Based on our analysis of the study data collected, it appears that NUPM promotion via Twitter is occurring frequently for specific keywords associated with a drug’s chemical or generic name and yields large-scale datasets that require the appropriate combination of analytical and computing tools to appropriately assess potential behavioral risk factors and online access. In comparison, the more indistinct use of NUPM street or popular names that includes descriptive or non-specific terms introduced more noise and far fewer relevant results compared to the generic name dataset. From a data collection standpoint, our 2-week period of study data yielded over 2 million tweets from both instances, with a total of 6.02% (n=145,593) determined relevant to NUPM behavior or promotion based on our use of supervised machine learning for content analysis.

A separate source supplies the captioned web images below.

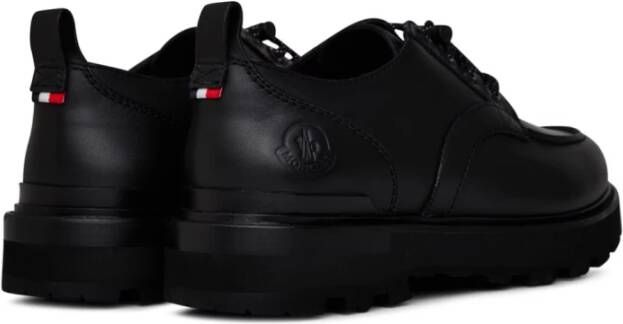 Moncler Zwarte Derby Schoenen met Logo Black Heren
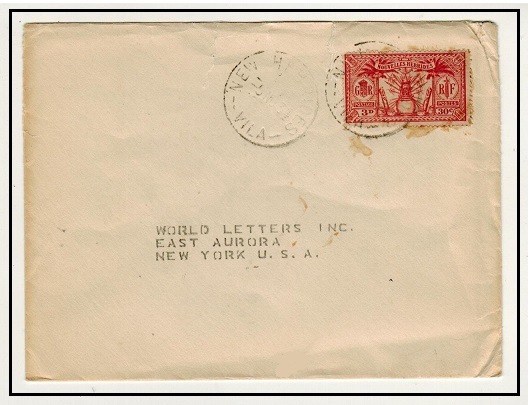 NEW HEBRIDES - 1934 3d rate cover to USA used at NEW HEBRIDES/VILA.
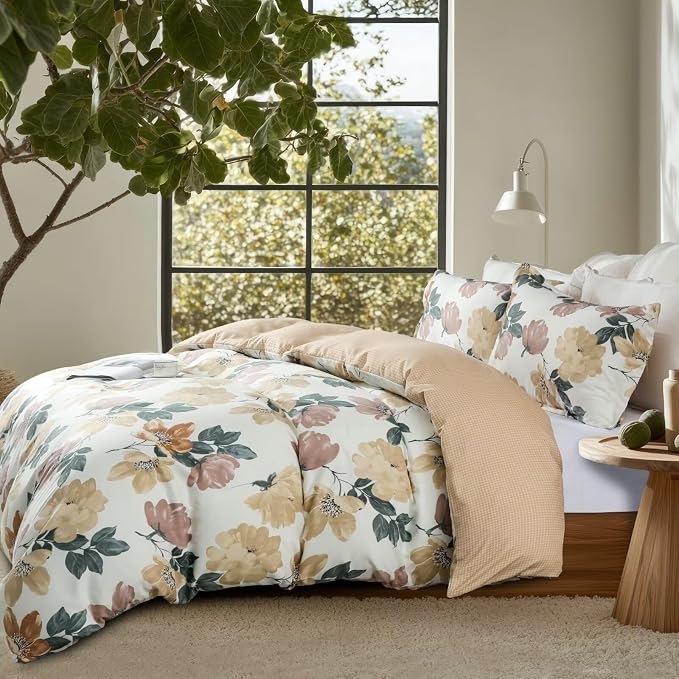 OAITE Duvet Cover Queen Size, Reversible Blooming Flower Orange Duvet Cover Set - Image 3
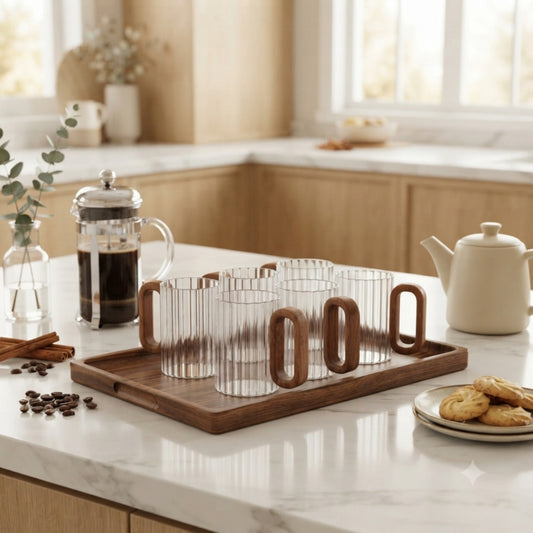6Pcs Heat Resistant Ribbed Glass Mug Set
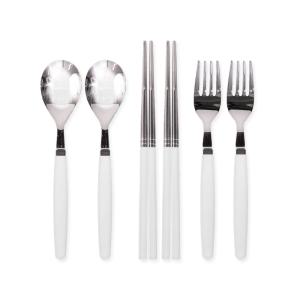 한스푼 포이에마 컬러 아동 수저세트 (숟가락, 2개 + 젓가락, 2개 + 포크, 2개) 화이트(W)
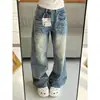 Jeans Azules Lavados Estilo Americano con Hendiduras de Rayo para Mujer, Nuevo Modelo de Invierno, Pantalones Largos Casuales Rectos Sueltos, Modernos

Our most concerning finding was that in the generic name instance, a significant percentage (33.37%, n=45,317) of the machine classified NUPM relevant content originated from a highly propagated live hyperlink to a marketing affiliate that provided direct access to prescription drugs of abuse through an illegal online pharmacy. The marketing affiliate site advertises the online sale of several drugs of abuse, including Ativan, Ambien, Lunesta, Valium, and Xanax, among other classes of prescription drugs. The tweets for this hyperlink varied slightly in content, but all blatantly advertised the sale of Valium (eg, “RT @[username anonymized]: Valium Online Without Prescription [URL]” or “RT @[username anonymized]: Where to Buy Valium Online [URL]”) and were retweeted by a large network of Twitter accounts potentially exposing hundreds of thousands of Twitter users to NUPM promotion and access. As a Drug Enforcement Agency Schedule IV controlled substance, the online sale of Valium and other drugs that carry the potential for abuse and dependence, is in direct violation of the Ryan Haight Online Pharmacy Consumer Protection Act, a federal law named after a San Diego Teen who lost his life after overdosing from illegally purchasing prescription pain killers online [1,6].

Finally, the relatively low count in undelivered tweets compared to the total tweets collected in each instance may indicate that our data collection methodology has a higher rate of completeness (99.9% for the generic name instance and 99.7% for the street name instance) and is a more representative sample compared to what is generally represented in the literature regarding the Twitter Public API [22]. It may also indicate that by creating separate virtual instances for data collection operating on different keyword filters and consumer keys/access tokens, our data collection process can avoid Streaming API rate limits (usually estimated at 1% sample of all tweets). Overall, the study supports findings from prior studies that have used the Twitter Streaming API to collect large amounts of Twitter content instead of licensing content from a third-party data reseller that may be cost-prohibitive to certain researchers (ie, the starting price for a GNIP Twitter dataset request is US $1250) [13,26,30,31].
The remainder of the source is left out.